Rico’s TICO BULL – “March forward” is a term used to remind people about the Daylight Savings Time (DST) start date in the Northern Hemisphere, like the United States, Canada, and Europe, where it starts in March.

But not in Costa Rica, where DST is not observed.

The shifting forth and back in the spring and fall has never really made sense in Costa Rica.

I still remember the one year (though I don’t remember the actual year) that the country announced it would the time shift. The date came and nothing. It was, to the best of my knowlege, ever brought up again.

Doing a Google search on DST, I did learn that the last time Costa Rica did observe it was on January 18, 1992, when at 00:00:00 clocks were turned forward 1 hour, ending on March 15, 1992.

According to Timeanddate.com, DST in Costa Rica was also observed in 1991, starting on Janauary 19 and ending on July 1. Previous to that, DST was observed in 1980. And previous to that, in 1954.

In Latin America, most countries in the north of the continent near the equator do not observe DST, that includes Nicaragua, Panama, Colombia, and Venezuela.

For most, the change does not affect them. For expats, however, it does if keeping up with family, friend and business up north. And there is the US television schedule, like CBS, CNN, Fox News, as the programming is now two hours ahead instead of one given that most of the programming originates from Eastern US.

Shows like NCIS on Tuesdays on CBS will now be on at 6 instead of 7 in Costa Rica. Watching the 11 pm U.S. news at 9 seems odd.

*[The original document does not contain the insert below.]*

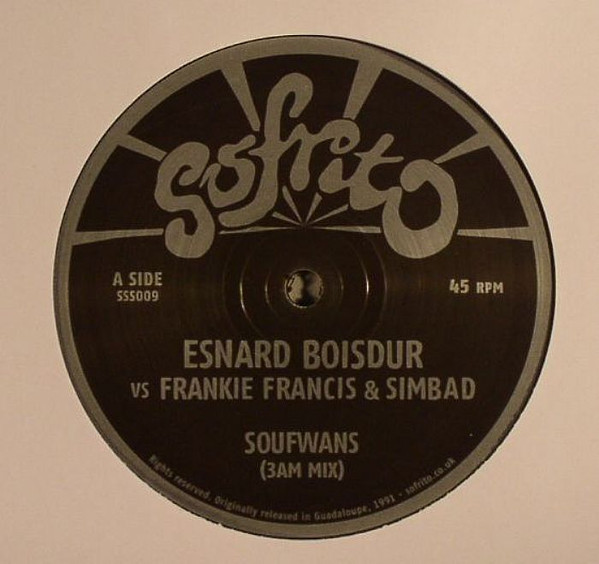 Esnard Boisdur vs Frankie Francis & Simbad - Soufwans | Sofrito Super Singles (SSS009) - 3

Thus, starting today cities like Toronto, New York, and Miami are two hours ahead, Chicago one hour. Los Angeles and San Francisco one hour behind instead of two. Denver continues to be the same.

Want to know what time it is any city in the world? Type in “what time is it in (city name)” in your Google search. What time is it where you are? Just look at the clock on your computer, smartphone or tablet.